First there was dirt, and God yawned and said nothing, for even He could look within Himself and know that there must be more out there than this.
He paced back and forth across the universe, rolling a piece of lint in his pocket into an immense idea.
Then “God Shuffled His Feet,” and kicked up a spark from the floor of heaven, sending a lightening bolt into a puddle of primordial ooze, squeezed from a giant rock. He looked into the elixir of life, the original ground zero, and saw that it was good… so He rested.
In the pre-dawn of time, stuff began growing and crawling onto land, followed by some monkeys who serendipitously learned to fling their dung against rocks with great deft and expression (it’s always about monkeys). And then some of them stood erect and walked into the evolution of Homo Sapiens Scriptoricus (Human Writer) and Homo Sapiens Lectoricus (Human Reader).
That writers ever crawled out of the ground, is an event that overcomes astronomical odds. Imagine the frustration of the first human writer, of knowing that he does not have words to convey what he feels, senses, fears, loves, or loathes.
Even today, many Homo Sapiens still relate to that feeling of wanting to share, but having no sense of what sharing means or takes to accomplish.

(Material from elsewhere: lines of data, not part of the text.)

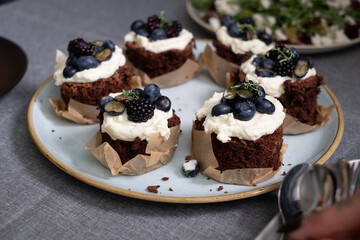 brownie muffins with cream and blueberries on a plate. A plate of healthy green salad on a blurred background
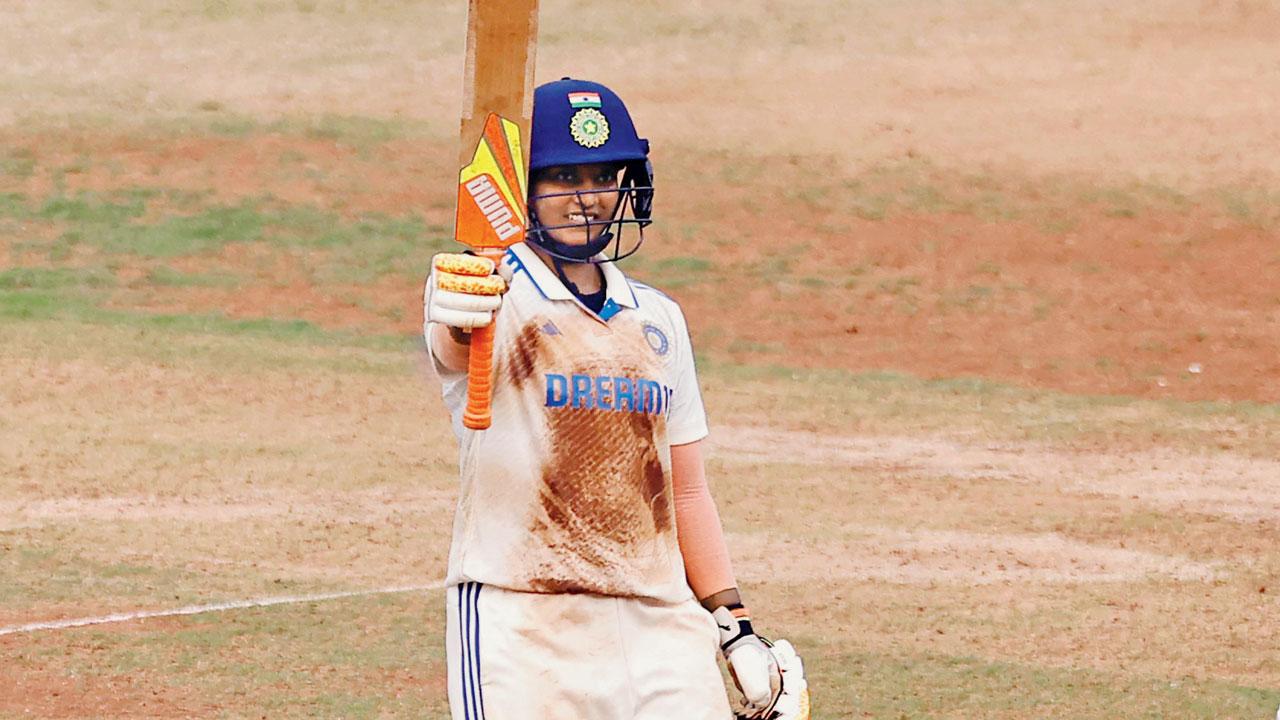 India’s Deepti Sharma celebrates her half-century against Australia at the Wankhede Stadium yesterday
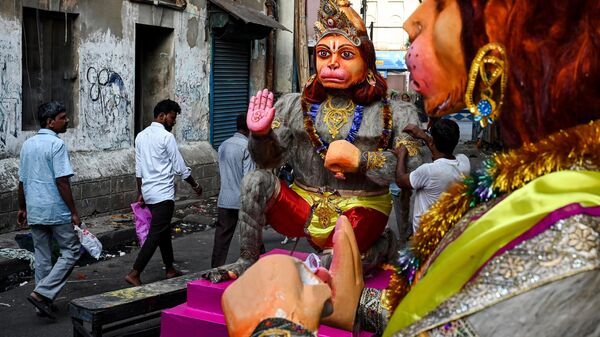 Pedestrians pass as an artisan (R) gives finishing touches to a statue of Hindu god, Lord Hanuman ahead of the Hanuman Jayanti festival, at a workshop along a road in Kolkata on April 5, 2023. - Sputnik India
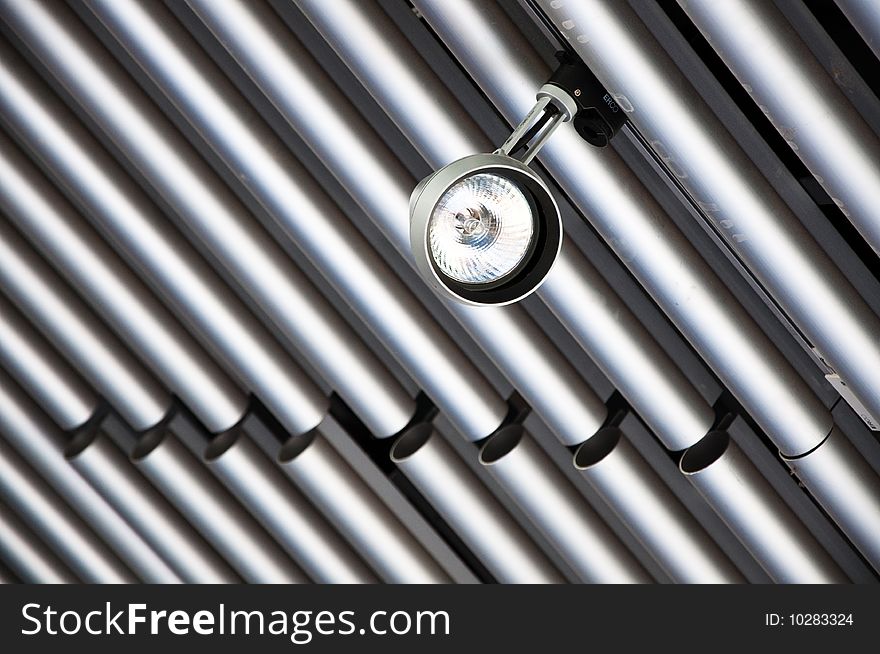 Spot Light suspended from a modern tubular steel ceiling.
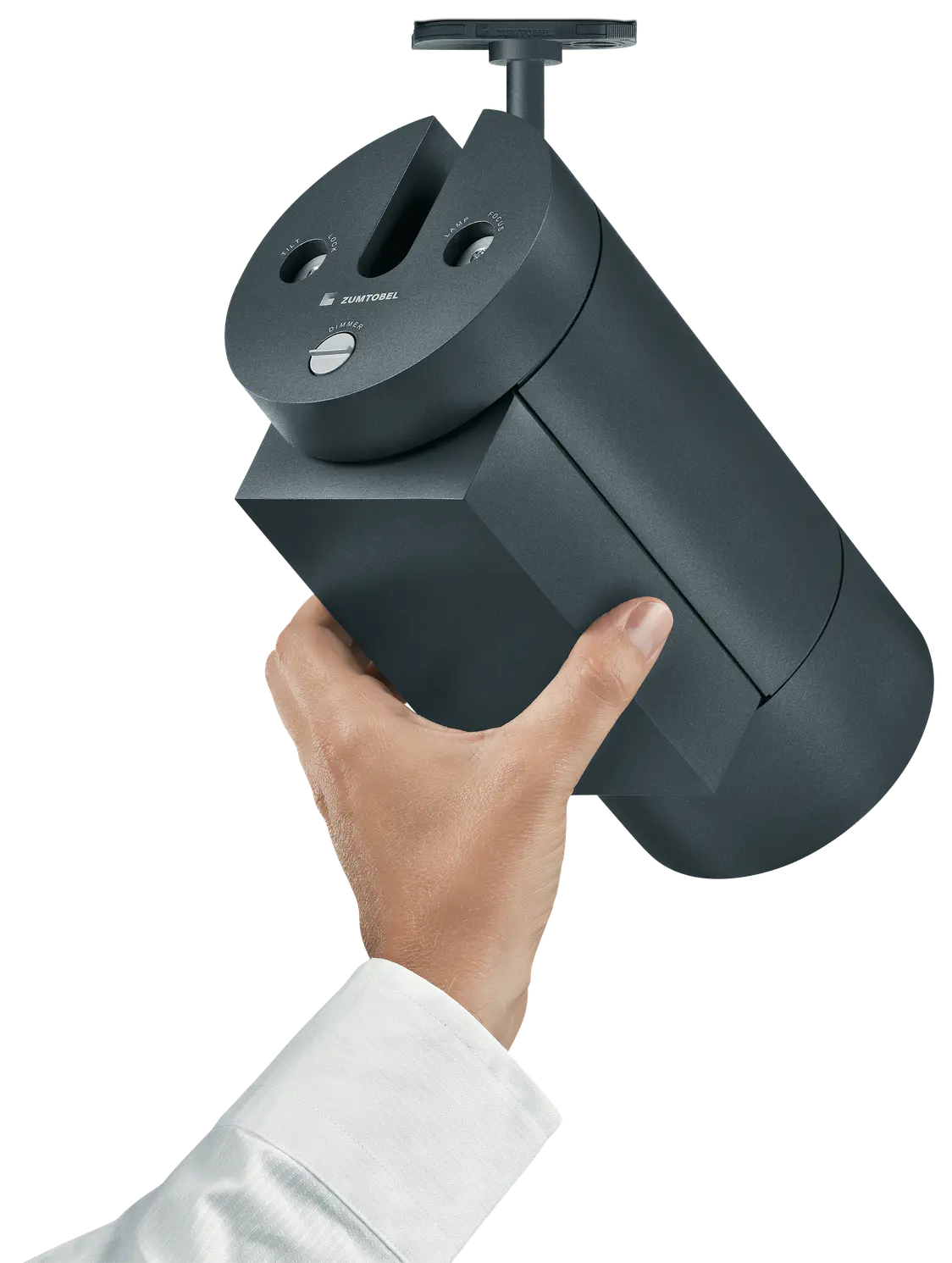 Eine Hand hält das schwarze ARCOS-Beleuchtungssystem in einem neutralen Raum, das mit einem modernen, zylindrischen Design überzeugt.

God really knows His shit. But God didn’t make it easy — we are all still evolving as creators… and He keeps jumping up shouting, “Oh, oh, write about Me, write about Me!”
And we did… and now we get married because of it, and we feel guilty because of it, and we annihilate cultures because of it – and then something happened.
Lectoricus began realizing that she needed to break from the descending progression by writing herself in a new direction. Now it seems like just about anyone with opposable thumbs can tap out a creative writing piece. Yep – God does know His shit.
Evolution is a natural inability to accept the conditions of our limitations. But revolution, ah, revolution changes the conditions so there are no limitations. One need only to muse for a moment at the potential of what has yet to be created, and in that moment, creation manifests.
Let’s say, and I’m just saying, that evolution applies to a writer. Our hearts will one day turn to parchment, our blood to ink. The letters on the keyboard will fade in synchrony with the march of time, and our thoughts will drip tears into the black well of the soul.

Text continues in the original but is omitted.